• _Work instruction_
Begin at the line below that has "Mack 1017237 - spaanplaatschroef". Stop after the line that has "For Samsung Galaxy", repeating each line exactly and leaving out the pictures.

[[ Records for the exercise open ]]

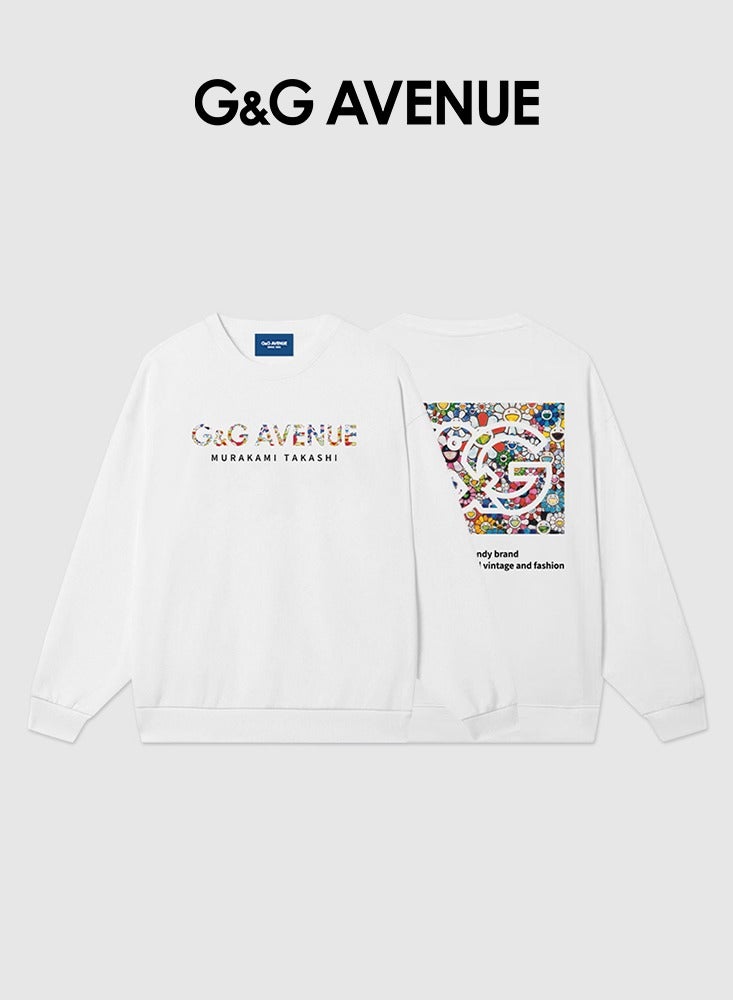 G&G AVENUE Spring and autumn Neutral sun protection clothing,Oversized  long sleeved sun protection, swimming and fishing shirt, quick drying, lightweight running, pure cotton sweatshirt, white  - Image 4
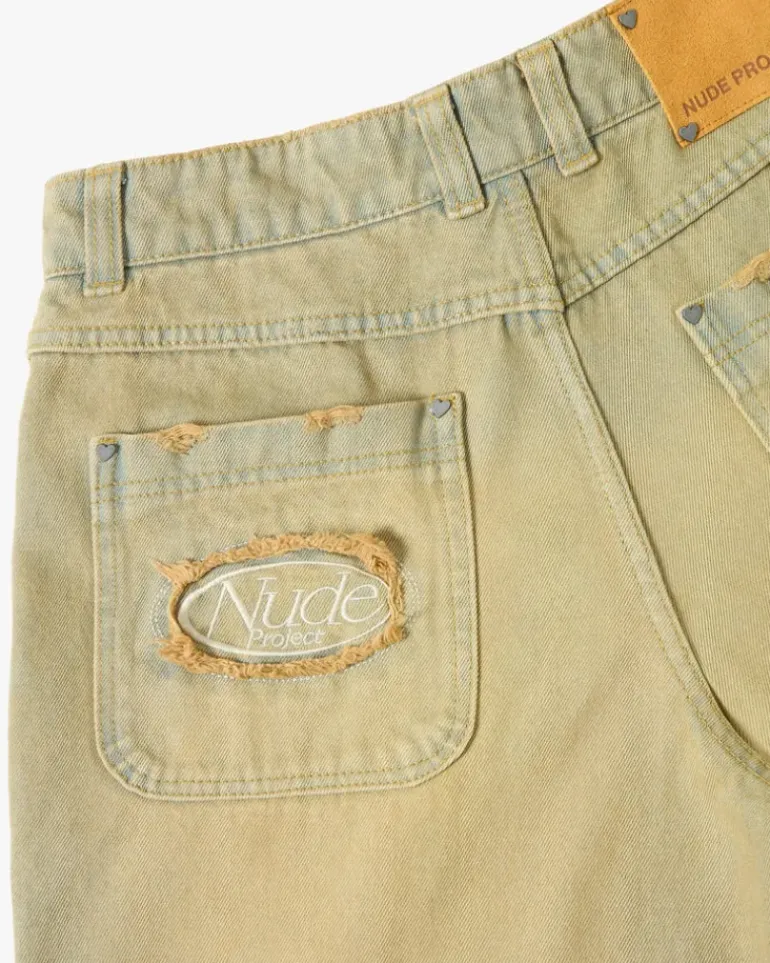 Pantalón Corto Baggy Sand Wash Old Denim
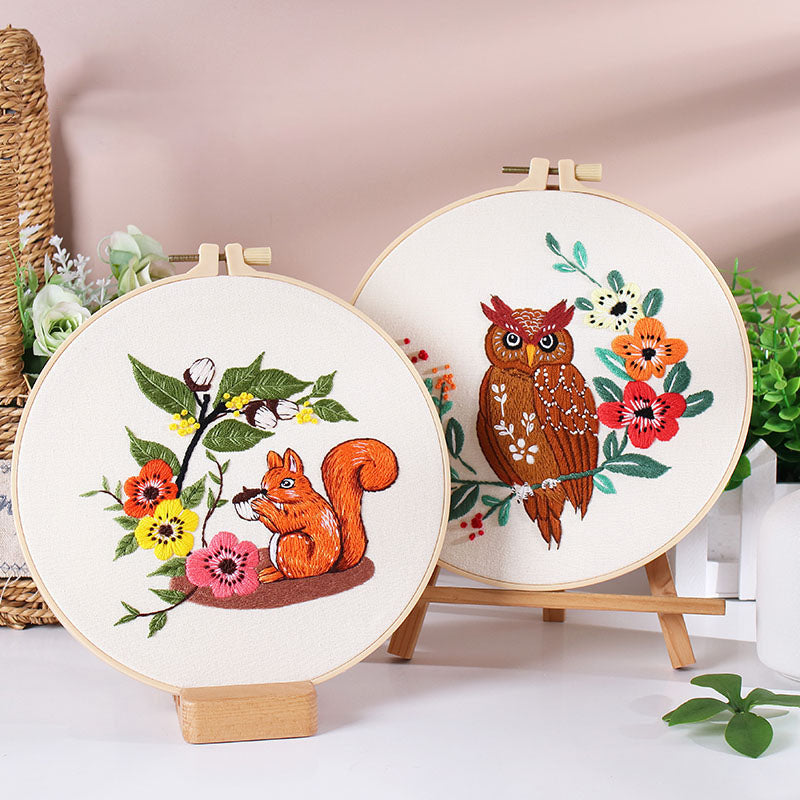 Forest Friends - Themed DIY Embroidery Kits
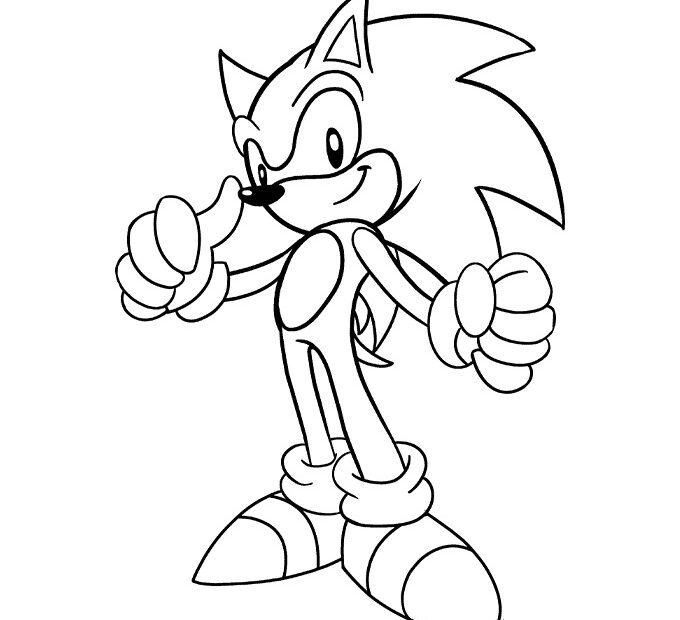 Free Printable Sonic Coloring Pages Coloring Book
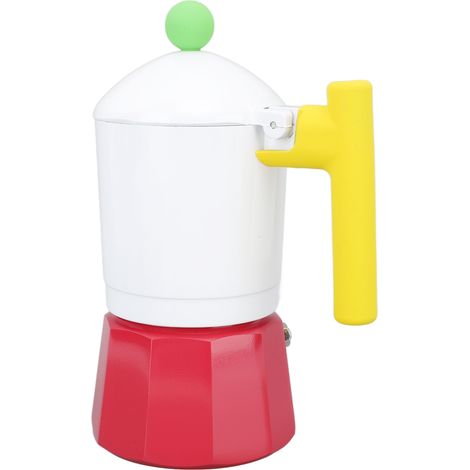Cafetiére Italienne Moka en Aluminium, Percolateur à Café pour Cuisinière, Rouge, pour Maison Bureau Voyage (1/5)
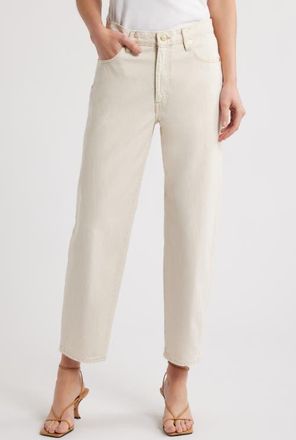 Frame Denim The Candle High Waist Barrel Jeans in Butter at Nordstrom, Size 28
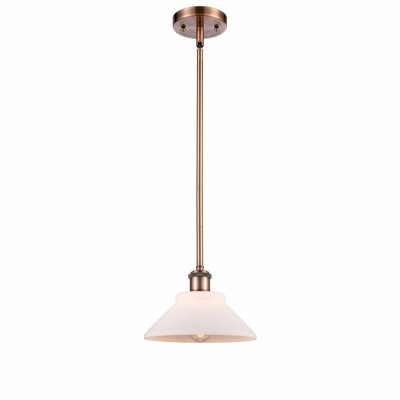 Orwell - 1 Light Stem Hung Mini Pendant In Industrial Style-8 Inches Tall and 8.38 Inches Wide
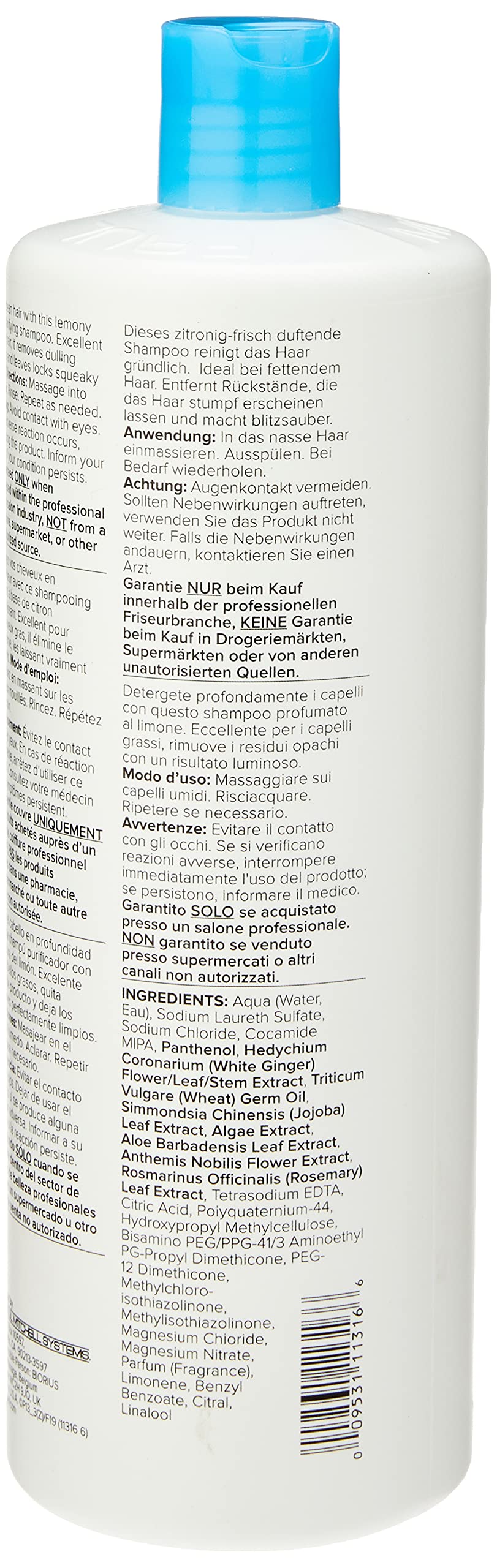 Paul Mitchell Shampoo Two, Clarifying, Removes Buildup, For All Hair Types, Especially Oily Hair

[[ Records for the exercise closed ]]
[[ Records for the exercise open ]]

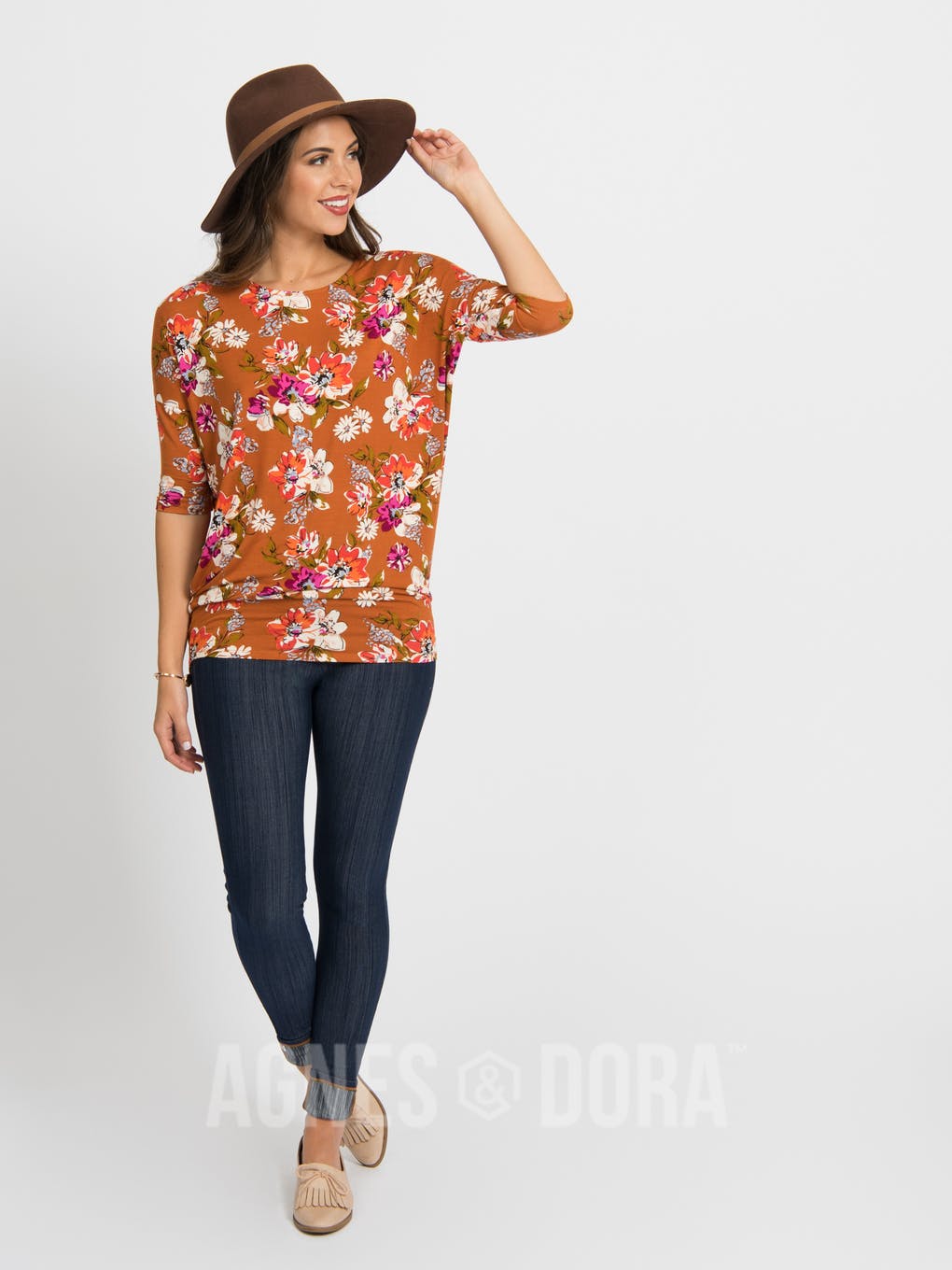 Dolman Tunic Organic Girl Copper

[[ Records for the exercise closed ]]
[[ Records for the exercise open ]]

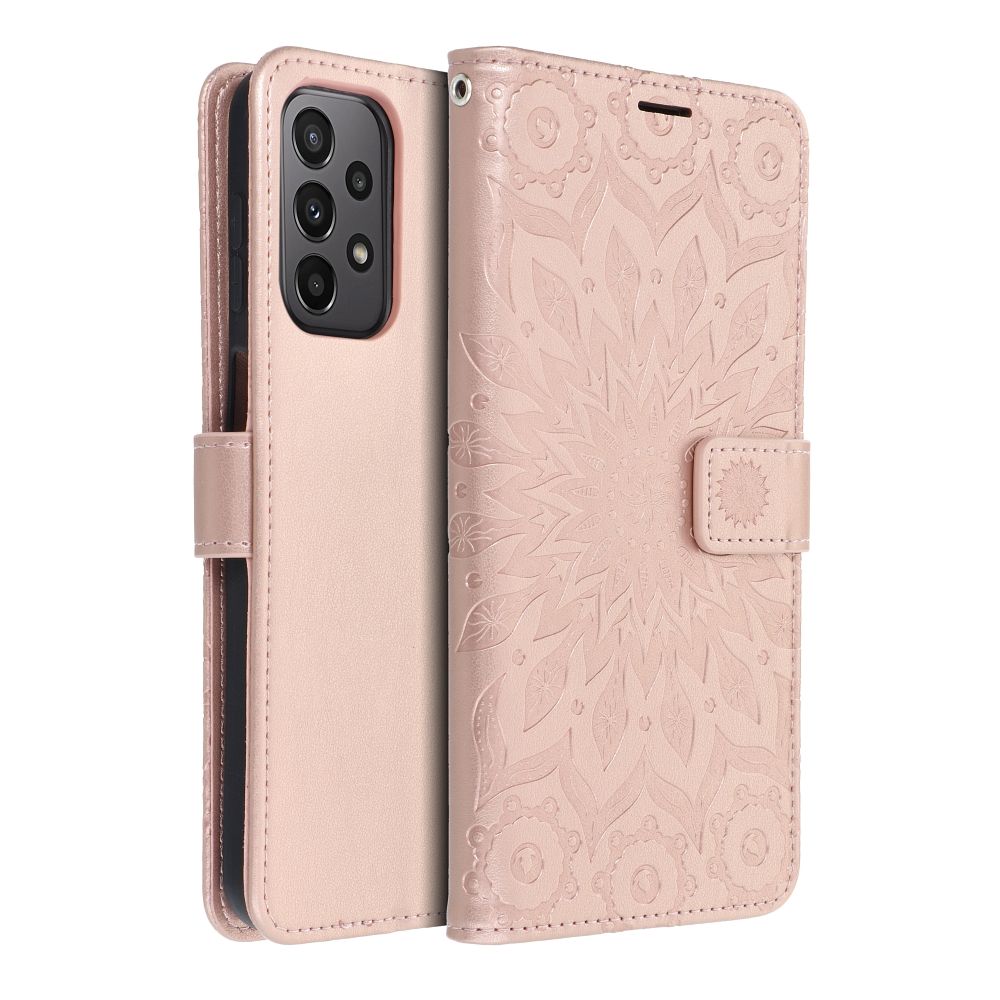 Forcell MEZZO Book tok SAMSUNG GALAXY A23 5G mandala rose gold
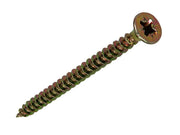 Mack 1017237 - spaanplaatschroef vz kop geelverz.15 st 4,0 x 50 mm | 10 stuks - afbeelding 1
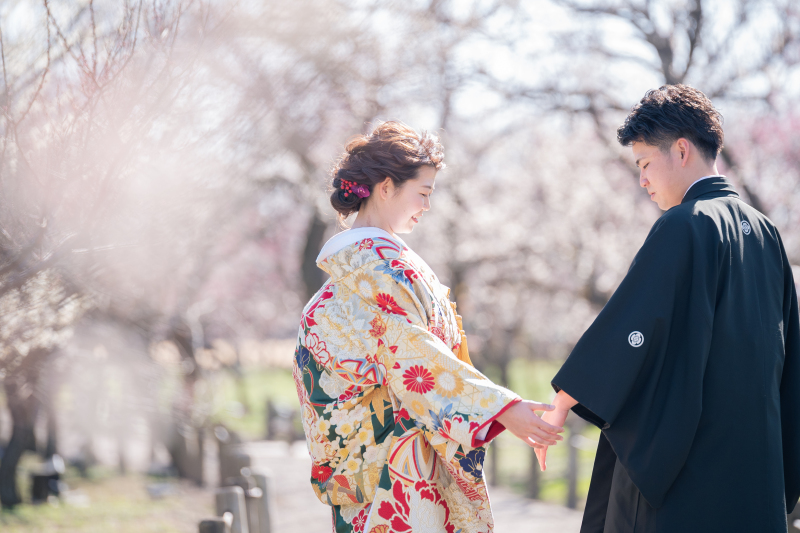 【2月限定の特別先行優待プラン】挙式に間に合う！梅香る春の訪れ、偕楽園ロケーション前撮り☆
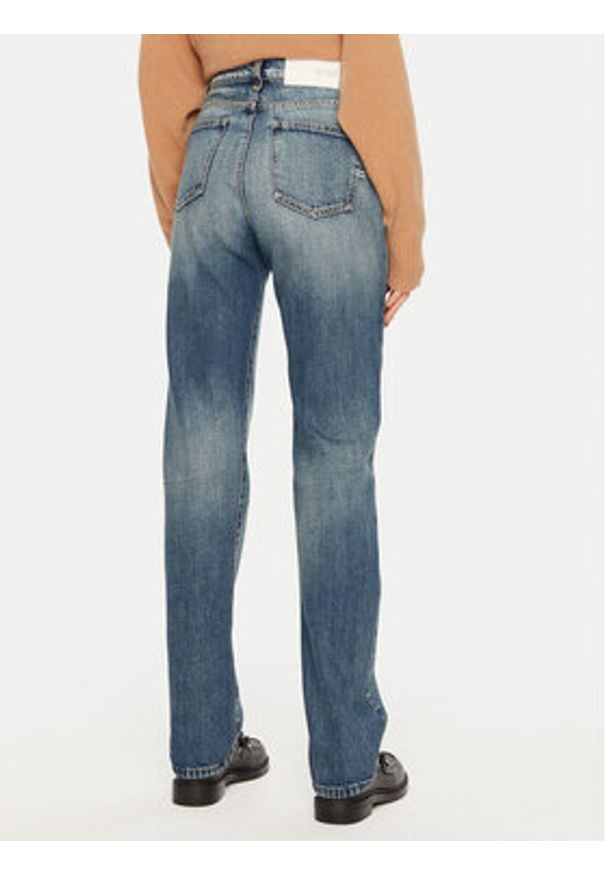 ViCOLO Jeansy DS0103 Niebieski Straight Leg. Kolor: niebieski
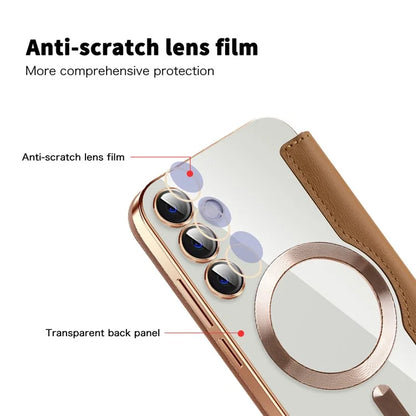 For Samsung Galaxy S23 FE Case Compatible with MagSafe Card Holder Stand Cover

[[ Records for the exercise closed ]]

• _Expected output_
 Mack 1017237 - spaanplaatschroef vz kop geelverz.15 st 4,0 x 50 mm | 10 stuks - afbeelding 1
 【2月限定の特別先行優待プラン】挙式に間に合う！梅香る春の訪れ、偕楽園ロケーション前撮り☆
 ViCOLO Jeansy DS0103 Niebieski Straight Leg. Kolor: niebieski
 For Samsung Galaxy S23 FE Case Compatible with MagSafe Card Holder Stand Cover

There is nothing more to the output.